Meetings sind für das Funktionieren jeder Organisation notwendig. Sie bieten Raum für Diskussionen, Brainstorming und Problemlösungen. Sie bringen Menschen zusammen, um Ideen auszutauschen und Entscheidungen zu treffen. Darüber hinaus bieten Meetings die Möglichkeit, kreativ im Kollektiv verschiedene Sichtweisen zu durchdenken. Stichwort: Schwarmintelligenz. Funktioniert nur in der Gruppe.

In einer bei Harvard Business Manager veröffentlichten Umfrage gaben Führungskräfte an, 83 Prozent der Termine in ihren Kalendern seien verzichtbar. Sie sehen den „Meeting-Overload“ als den Produktivitätskiller im Büro schlechthin.

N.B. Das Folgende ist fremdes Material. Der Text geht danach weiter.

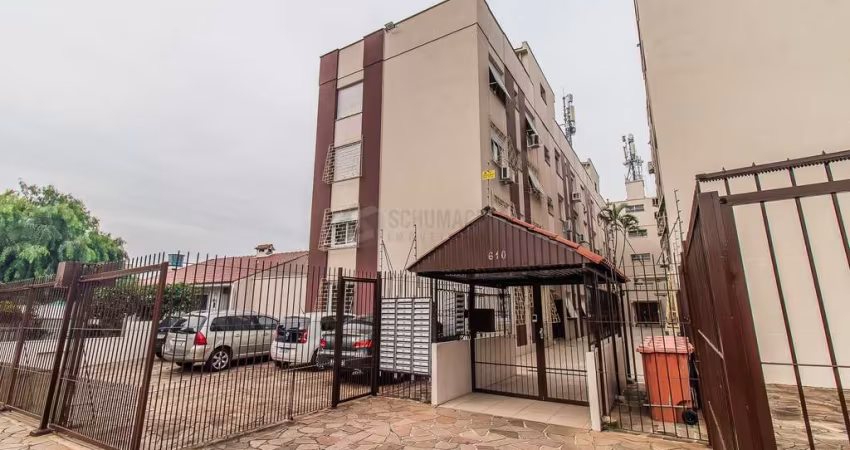 APTO 2 D (1 suíte)térreo - 100,56 m² 1 vaga dupla-STO ANTONIO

Auch wenn das Problem allgemein erkannt ist, torpedieren endlose Vor- und Nach- sowie Team-, Abstimmungs-, Projekt- und Statusbesprechungen jedes Zeitmanagement.

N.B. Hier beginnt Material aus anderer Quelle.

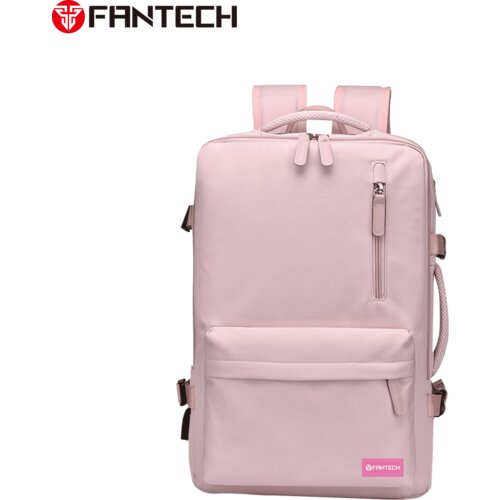 Fantech Ranac za laptop Voyager BG-895/ roze Cene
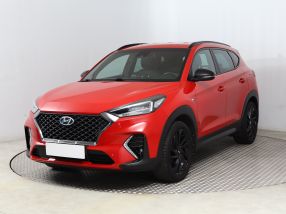 Hyundai Tucson - 2019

Ganze Belegschaften fühlen sich insbesondere von virtuellen Meetings häufig überwältigt, überfordert und übermüdet. Und Meetings sind teuer. Wie hoch die Kosten sein können, wurde an einem fiktiven Beispiel von Prof. Ludwig Hierl für den Bundesverband der Bilanzbuchhalter und Controller (BVBC) vorgerechnet: 7 Personen zu einem Stundensatz von jeweils 50 Euro besprechen sich 3 Stunden lang. Dadurch ergeben sich Lohnkosten von 1050 Euro. Dazu kommt die kalkulatorische Miete für den Raum, gegebenenfalls auch Strom und Getränke in Höhe von weiteren 150 Euro.

 

In dem Beispiel können die Mitarbeitenden während des Meetings außerdem andere Aufgaben nicht erledigen, die einem fiktiven Nutzwert von 600 Euro entsprechen. So könnte einem Einkäufer durch die Besprechung die Zeit fehlen, ein Angebot eines alternativen Lieferanten einzuholen, das dem Unternehmen diesen Betrag eingespart hätte. Das imaginäre Meeting kostet also 1800 Euro. Der Rückschluss aber, dass diese Summe durch eine Streichung der fiktiven Besprechung eingespart werden könnte, sei „so naheliegend wie gefährlich“, warnt Finanzexperte Hierl. Denn nicht für jedes Meeting lassen sich Kosten und Nutzen zutreffend prognostizieren.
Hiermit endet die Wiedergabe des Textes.